5. And in real life?
We are now faced with the inability to meet requirements of the GDPR by anonymizing the information system at a reasonable price. Should we conclude that it is appropriate to do nothing? Well, anonymized data is very complex to implement in order to comply 100% with the GDPR... But let’s come back to more pragmatic debates. Is it really a problem that people who have access to production data can trace back to the individual in an anonymized set? From my point of view, the risk of the company failing to protect personal data is low. There are certain cases, such as the reconciliation of data between competitors or the case of a dishonest subcontractor, which could cause concern, but these concerns are more of the order of industrial espionage or unfair competition rather than of the GDPR. In the case of an unscrupulous subcontractor, a piece of advice: change to a more expensive and trustworthy candidate, you will gain in the end.
Let's go back to the basics of the GDPR. At no point does it say that anonymization is necessary to protect data. Anonymization is a way to take data out of the scope of the GDPR, but by no means the only solution.
6. Data exposure area
The GDPR requires security measures to be adapted to the risks of data subjects in the event of non-consensual use of their personal data.
Thus, the exposure of this data should be reduced to only those who need it for information processing purposes. Most production environments in companies offer sufficient measures to protect against data theft, but data usage in the IT world today creates much larger and less secure exposure areas than production environments.
Some of these exposure surfaces are handled by cryptography, such as the encryption of communications with web browsers or inter-site communications (the so-called HTTPS). Other sources of exposure are mobile phone applications, connected to corporate networks and managed by a strict internal IT security policy. Still other sources of exposure are test environments, which are often copies of the production environment without adequate security. In this case, anonymization, even if incomplete (i.e. pseudonymization), drastically reduces the data attack surface, which improves the overall state of security and compliance with the GDPR. In practice, the use of pseudonymization, although not allowing data to be taken out of the scope of the GDPR, is encouraged and relaxes the companies that use it on several requirements of the regulation.
7. It is therefore still relevant to start an anonymization process
Anonymization, even if incomplete, therefore provides solutions that improve the level of compliance with the GDPR and lays the foundation for an ideal solution.
The cost and technicality of setting up a perfect global anonymization solution make it almost impossible to implement at the current time. However, the reduction of risks and implementation of projects that will evolve over time make these projects relevant and in line with current needs.
Most anonymization solutions are constantly evolving and improve the situation by successive optimizations of the state of anonymity. The evolution in technology will bring its share of solutions but also its share of problems, which is why it is not wise to procrastinate in putting in place protective measures. On the contrary, it is advisable to anticipate the risk.
The less data is exposed, the less emerging technologies such as “machine learning”, “quantum computers” or “AI” (a term that I hate due to its overuse these days) will be able to have an impact on the lives of people who have trusted us with their data. After all, the GDPR is not there to bother us with strict and unfounded rules to follow but to protect individuals.
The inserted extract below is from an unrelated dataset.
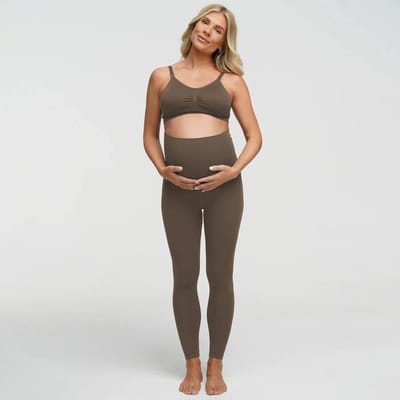 cfab - Naadloze zwangerschapslegging met hoge taille - Taupe, maat S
We don’t need to strictly anonymize to be compliant with the GDPR. We need to put in place a set of data protection elements that ultimately protect people.
8. My advice
Embarking on a project to completely anonymize the production database is a costly and time-consuming exercise. In addition, it carries a significant risk of failure. Anonymization is likely to be incomplete, so it becomes pseudonymization, and does not fall outside the scope of the GDPR.
However, it can be done right. To do this, we need to distinguish between uses, and compartmentalize our needs so that we have full control over what we use:
Open-data or statistics: Identify the relevant scope of data and export to a database that is easier to anonymize, where each useful data item can be processed correctly. Assess the needs precisely for each element, check for noise, and truncate or generalize your data. On controlled sets, anonymization analysis is relevant and possible at a reasonable cost. It is important to bear in mind that this technique is very risky in terms of leakage, as it is usually intended for wide communication outside your company. One must therefore be very careful in the generation of such datasets.
Generation of test samples for development purposes: As the data remains within the company, it generates a lower risk. Again, the sample size to be anonymized should be reduced to minimize the risk of re-identification. By implementing an anonymization process, you will greatly reduce the data attack surface and therefore effectively protect your data from potential leakage. Unless all data generated during your anonymization is altered, it is strongly recommended that you put strong security measures in place on your anonymized databases. In the case of theft, even if the data is not anonymous in the eyes of the law because it can be re-identified by your authorized employees, it will be unusable by the thief.
And I will end on an optimistic note: Don't forget that anonymization is an ongoing project, not only because it will not be perfect the first time, but also because the algorithms that work today may not work tomorrow. You therefore have the time and opportunity to set up a continuous improvement process to finally achieve a perfect anonymization of all the elements within your information system. In other words, you can start small and take the time to do the job right.